* _Problem to solve_
Would you output the lines from the one with "Mjau Kissanruokavalikoima kastroidulle" through the last line of the material below, exactly, but without pictures?

* _Collected material_
■ ■ ■ ■ ■

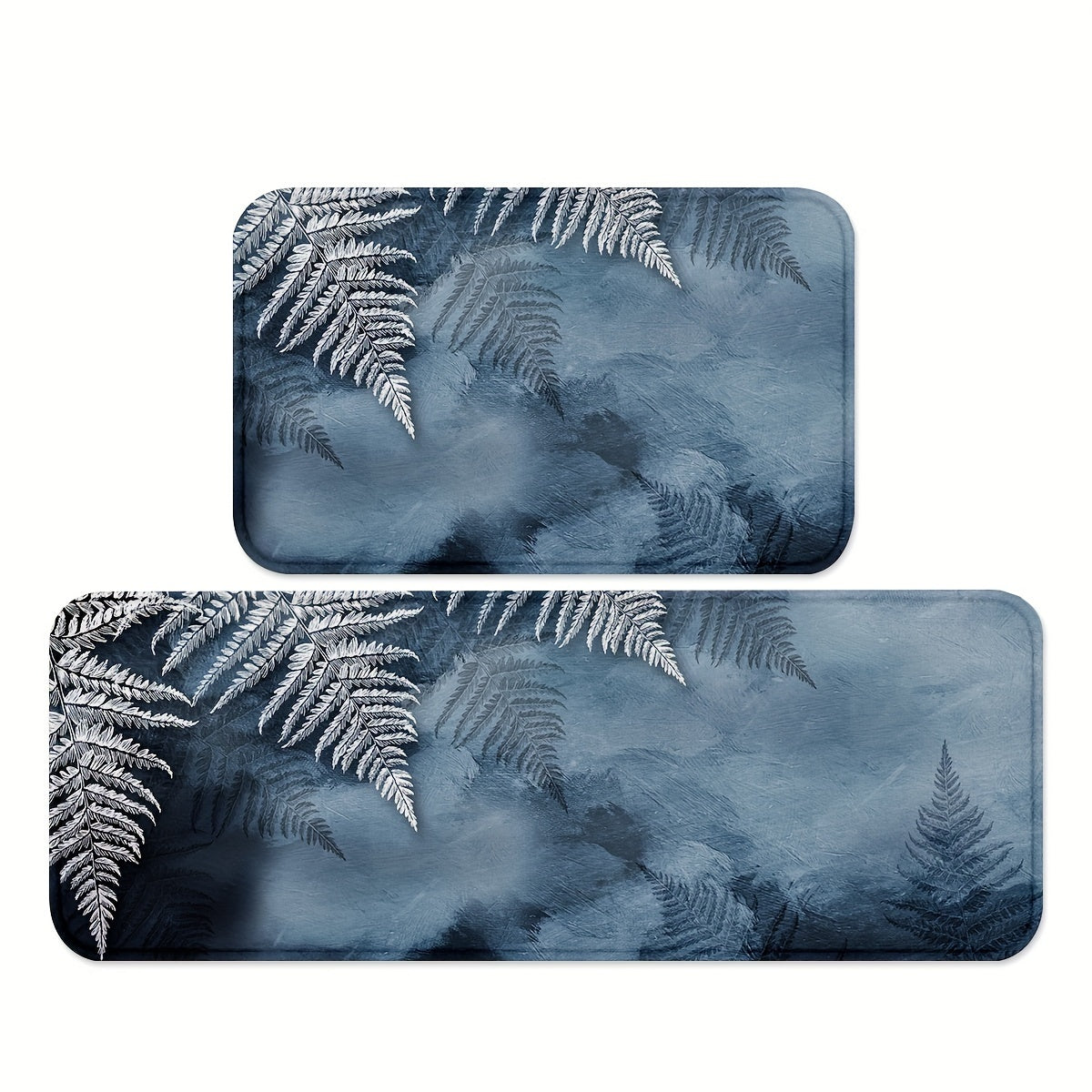 Set of 2 printed kitchen rugs and mats that are thickened, non-slip, and machine washable. These absorbent floor mats are made of top-quality polyester soft carpet, making them family and pet friendly. Perfect for use in the bedroom, laundry room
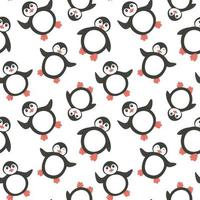 Seamless children's pattern with funny penguins. Vector seamless pattern.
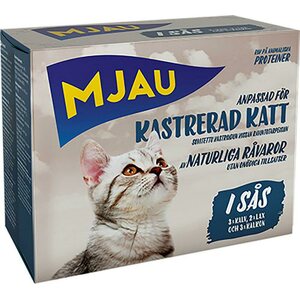 Mjau Kissanruokavalikoima kastroidulle kissalle kastikkeessa 8x85g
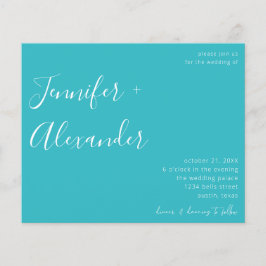 Budget Turquoise Blue Calligraphy Photo Wedding Flyer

■ ■ ■ ■ ■

* _Task response_
 Mjau Kissanruokavalikoima kastroidulle kissalle kastikkeessa 8x85g
 Budget Turquoise Blue Calligraphy Photo Wedding Flyer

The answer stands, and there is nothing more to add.